Wednesday, 7 October 2009

70 Years of Marvel - 1975

By 1975, Marvel had a raft of horror magazines out on the racks: Haunt of Horror; Dracula Lives; Tales of the Zombie; Monsters Unleashed; and Vampire Tales. These were black and white books aimed at an older market. But, since there was money to be made, Marvel also had a few horror books set in the mainstream Marvel Universe, of which Tomb of Dracula was both the most famous and, at 70 issues, the longest-running.

In the course of ToD, the lord of the vampires would encounter many Marvel heroes, including Dr Strange, who, after the book was cancelled, would wipe out Dracula and his brethren. It wouldn't take, of course, and Dracula still shows up every so often, most often in the pages of Captain Britain's latest title.

1975 also saw the creation of Madrox the Multiple Man, a mutant who, after appearing with the Fantastic Four, skulked around the corners of the Marvel Universe for over a decade, before turning up as a regular character in the Peter David version of X-Factor. Batman-a-like, Moon Knight began haunting the pages of Werewolf By Night. In the pages of the Avengers, the Scarlet Witch married her android fiancé, the Vision. The Fantastic Four became the Fantastic Five, with the birth of Franklin Richards. Spider-Man had his first encounter with his clone (yes, that one). Meantime, sometime allies, Doctor Doom and the Sub-Mariner were back together, in the pages of Super-Villain Team-Up. And, with Hank Pym chopping and changeing between his Ant-Man and Yellowjacket costumes, the Goliath identity was being taken on by Pym's former partner, Bill Foster. A new team of Champions was born.
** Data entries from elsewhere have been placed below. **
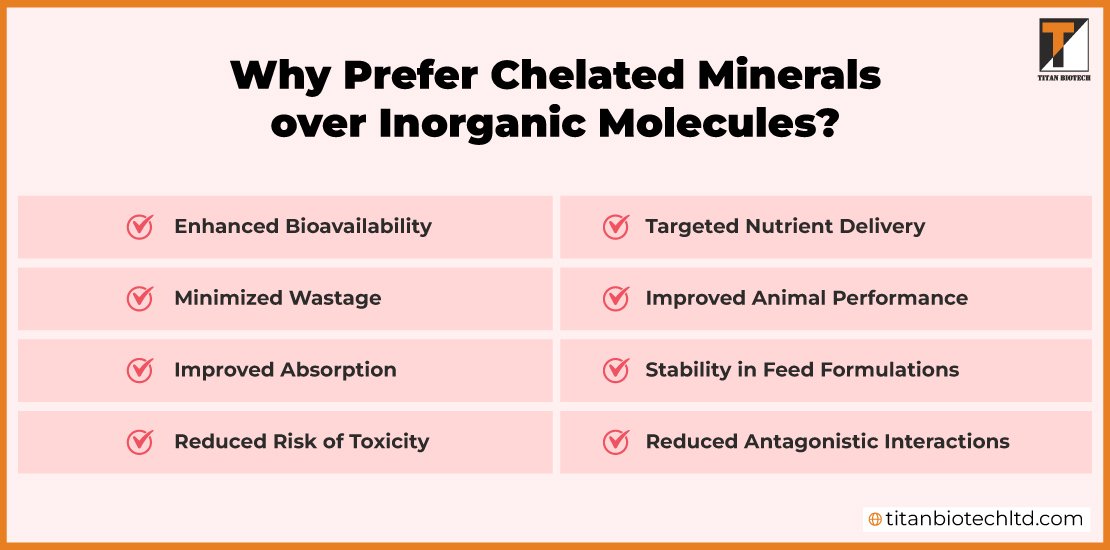 Why-Prefer-Chelated-Minerals-Over-Inorganic-Molecules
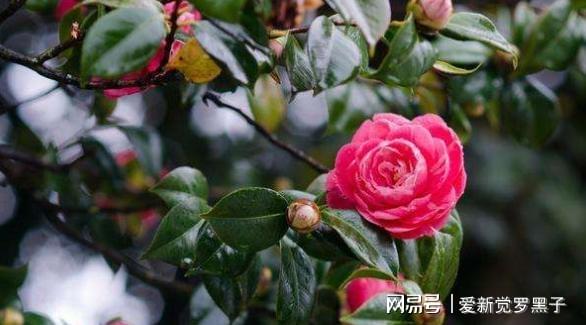 修剪过长枝条， 茶花梗美丽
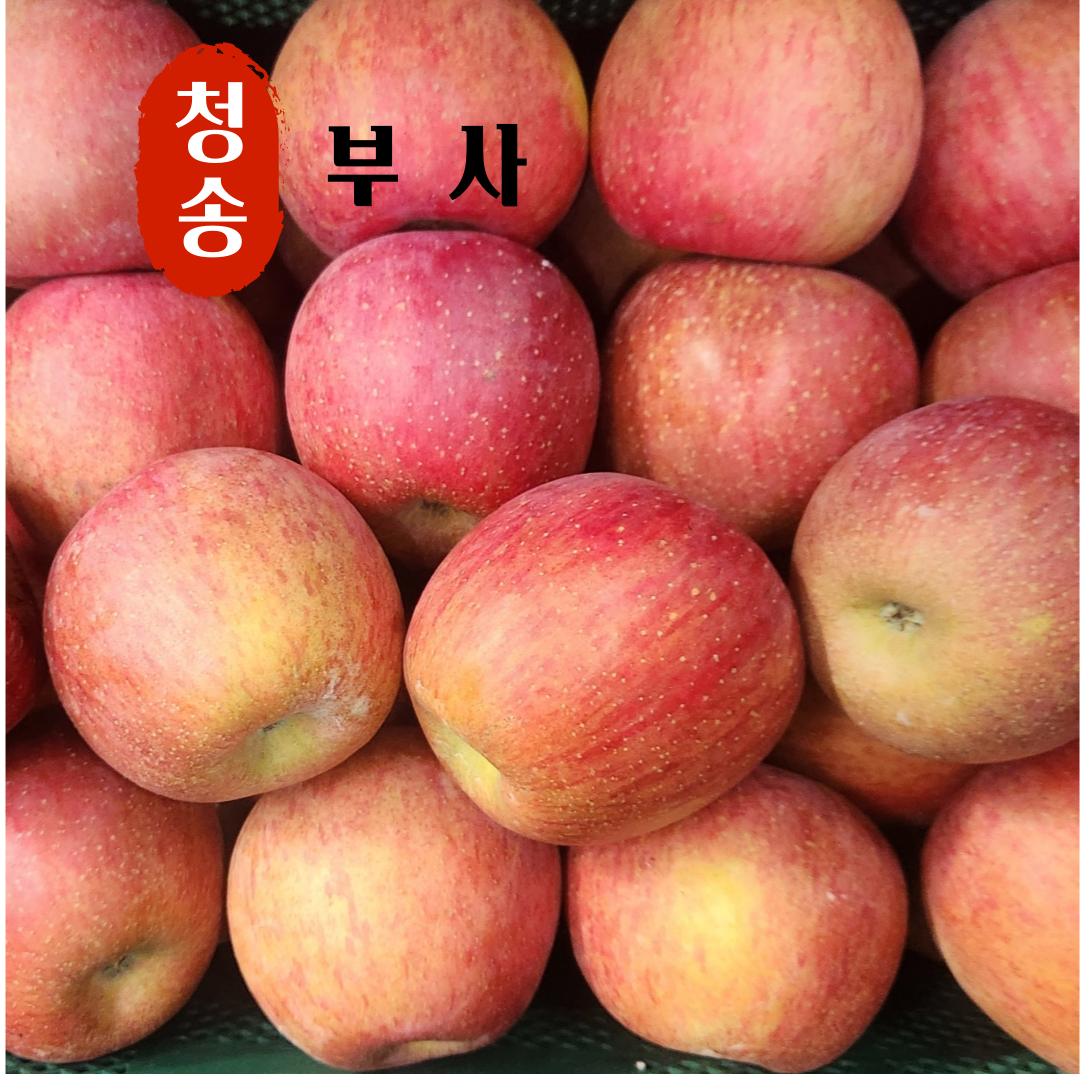 사과 당도선별 청송사과 고산지 부사사과, 1박스, 5kg (가정용) 22,700원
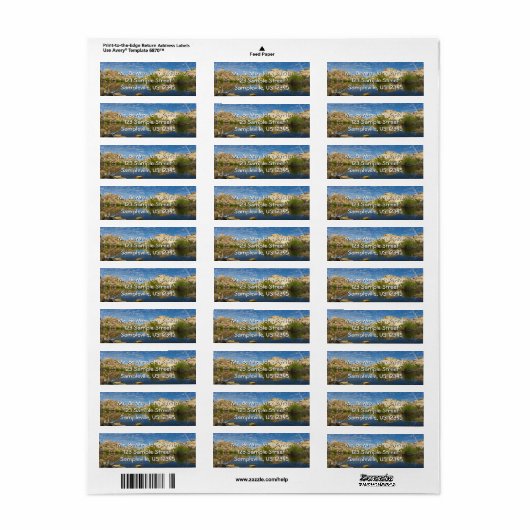 Barker Dam Reflection bei Joshua Tree II (Vorne)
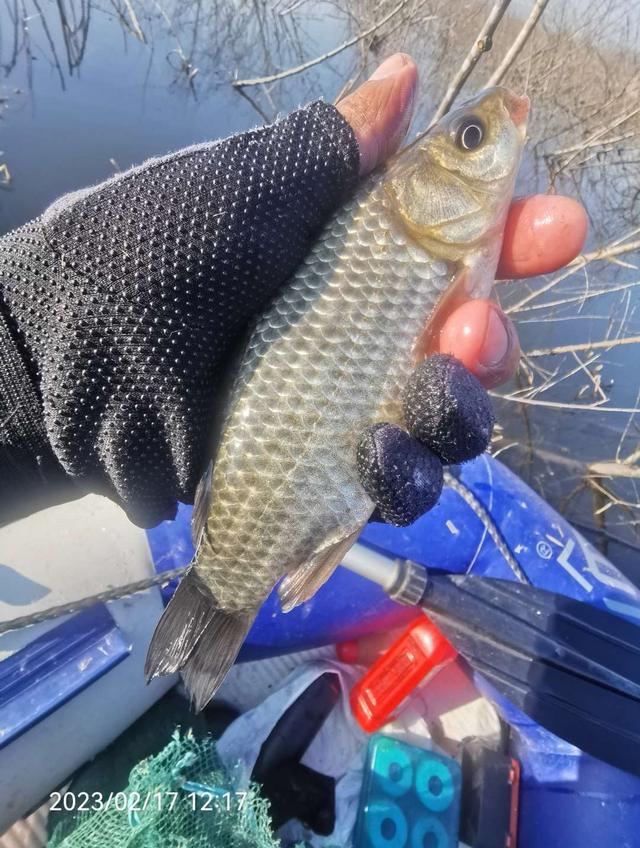 |一条足矣，斤鲫的感觉就是爽！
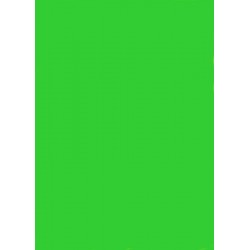 Papier ksero zielony fluo A4/100k Kreska 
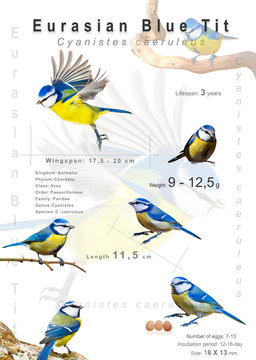 Bird Poster. Information about bird species. Isolated images. White background. Eurasian Blue Tit. Cyanistes caeruleus.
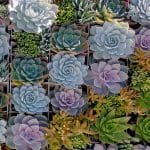 Tucson Succulent Delivery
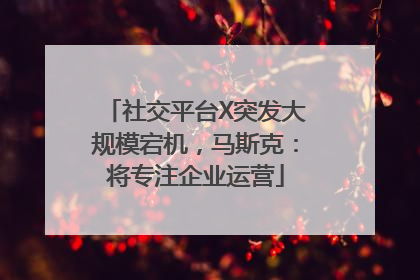 社交平台X突发大规模宕机，马斯克：将专注企业运营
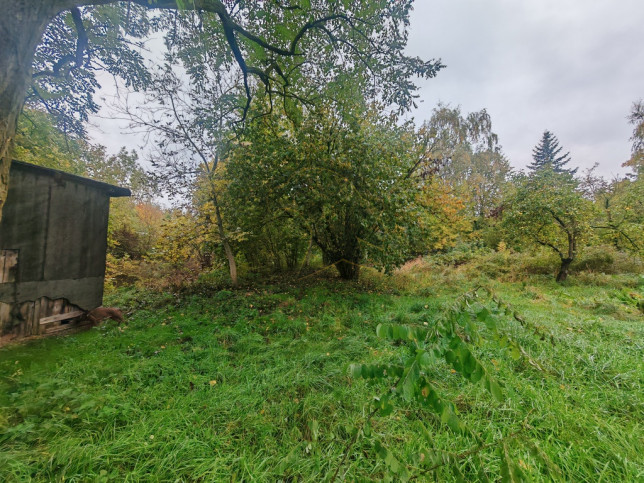 Działka Sprzedaż Łódź Łódź-Polesie 1 Korpusu Pancernego WP 5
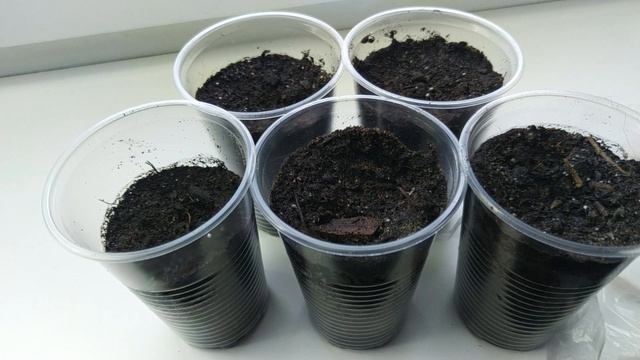 Гибискус травянистый: выращивание из семян, посадка, уход. Посадите этот красивый многолетник в саду смотреть онлайн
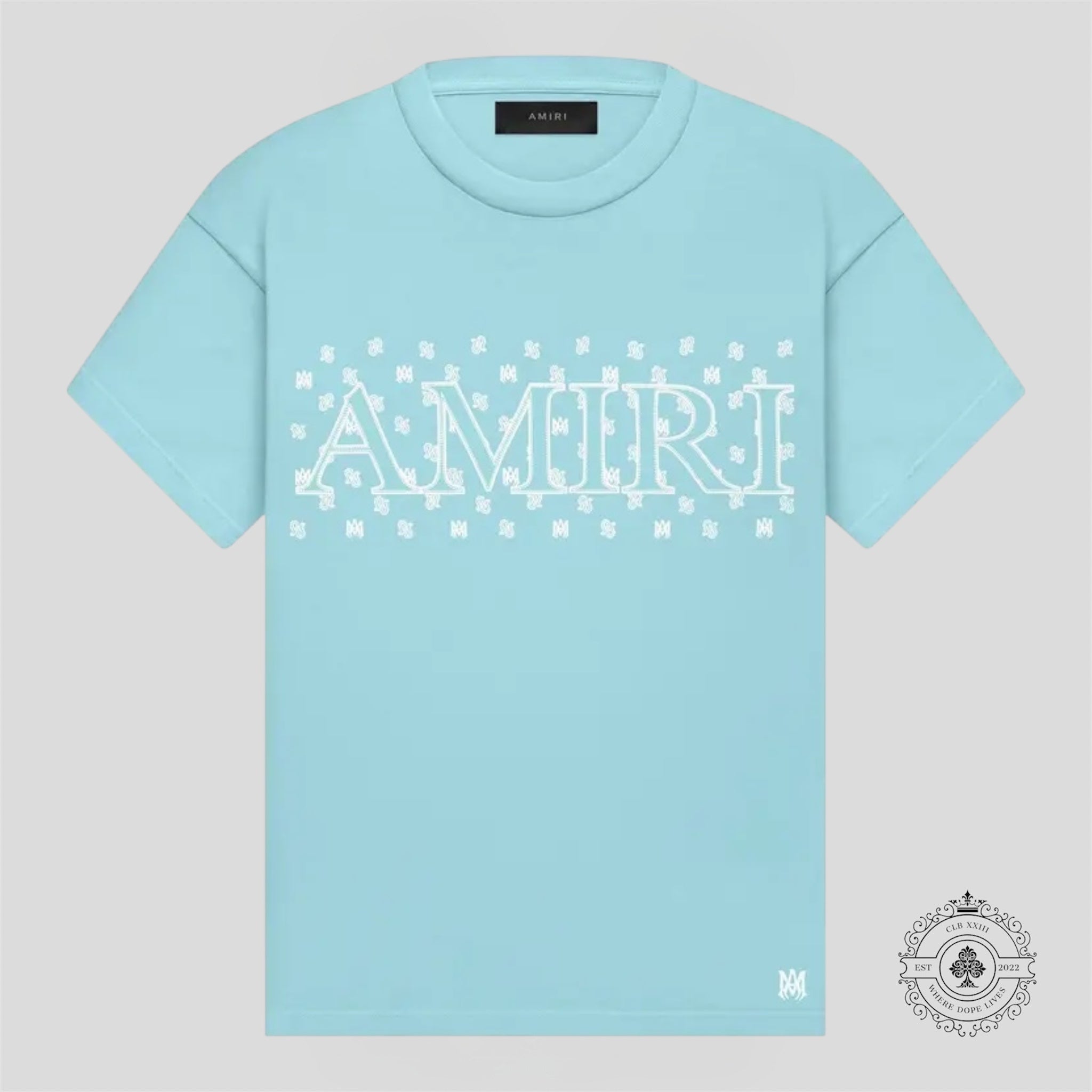 Amiri Paisley Tee in Aqua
Most notably, however, 1975 saw the revival of the X-Men, or rather the New X-Men, as Len Wein and Dave Cockrum introduced a new team of international heroes. Marvel Comics would never be the same again.

On tv, Saturday Night Live and Fawlty Towers were making their debut. At the pictures, Jack Nicolson was faking it in One Flew Over The Cuckoo's Nest. At the theatre, audience were witnessing the first performance of the Rocky Horror Show. And in the real world, a young man called Bill Gates was going into business.